Mark Sass, a teacher since 1994, teaches at Legacy High School in the Adams Five Star School District.
Kudos to the Denver New Millennium Initiative (NMI) teachers for their work on the Denver Report. The report offers ways to implement the Ensuring Quality Instruction Through Educator Effectiveness Act (EQuITEE Act), formerly known as SB 191.
The Denver New Millennium Initiative (NMI) unites an innovative, energized group of early-career teachers, diverse in experience but committed to making a difference for students. We teach in eleven districts in the Denver metro area with a variety of students in myriad grades and subject areas. We entered the profession through diverse routes, from Teach for America to a traditional undergraduate program at the University of Colorado. We share common beliefs about the future of teaching and learning, fortified through our unique perspectives, which motivate us to advocate for a new vision for transforming education in the Denver metro area, in Colorado and nationally.
It is heartening to see teachers committed to our profession and to transforming education.

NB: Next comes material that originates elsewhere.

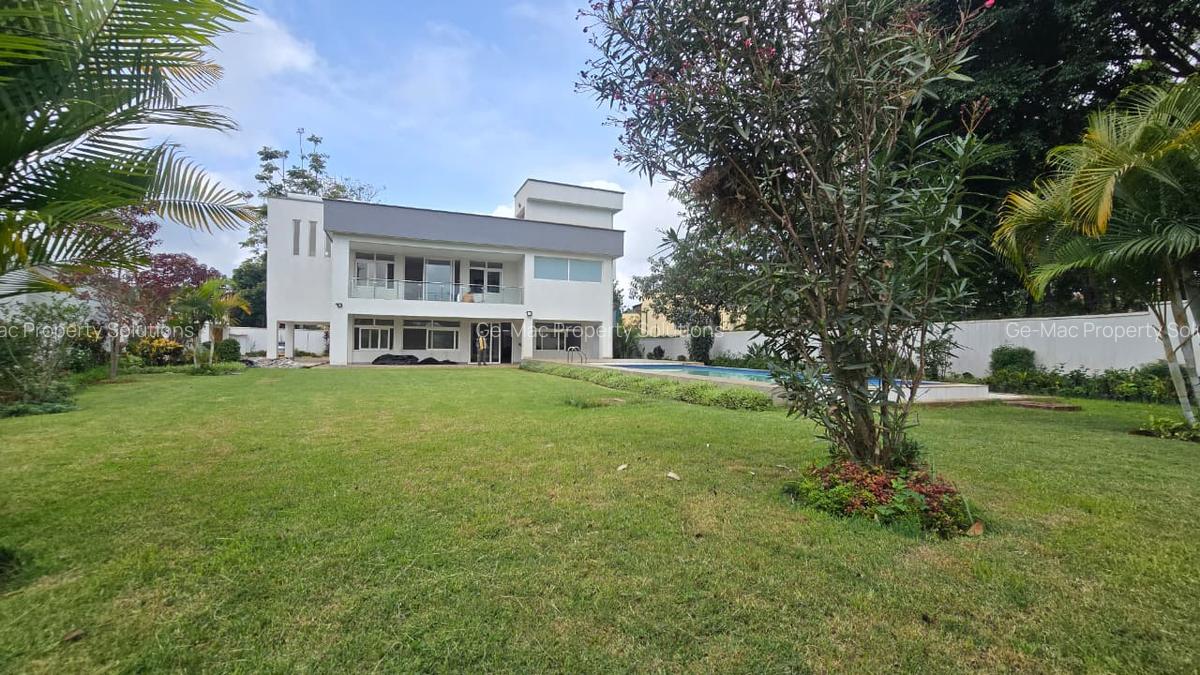 5 Bed House with En Suite in Runda - 1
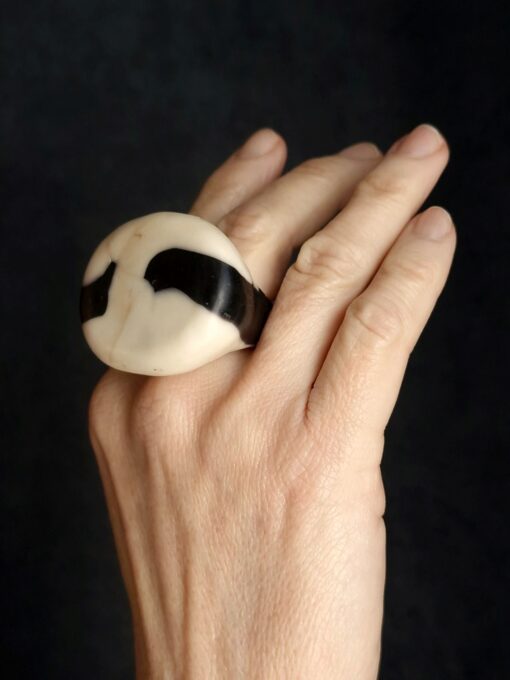 Vegan Ivory & Black Ring - Size 7.5 - Image 3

Among other sensible proposals, the report emphasizes the use of teachers as peer evaluators. The EQuITEE Act made a significant change to who can evaluate teachers. Prior to its passage only administrators could evaluate teachers. New language in the Act will allow teachers, after being designated by administrators and after receiving training, to evaluate their peers. The Denver Report says the following about teacher evaluations:
The long history of evaluation failure has been partially attributed to a lack of effective evaluators. We believe that an evaluation system is only as strong as its evaluators; therefore, a rigorous selection process must be in place to ensure high-quality educators—who have proven their own effectiveness —are selected to serve in these leadership roles.
Involving teachers in this process is key to an evaluation process that is fair and accurate. For too long teachers have sat on the sidelines while poor quality teachers practiced in their midst. In my experience teachers would shrug their shoulders and claim it wasn’t their job to call out their colleague. Technically, they were right. But not now.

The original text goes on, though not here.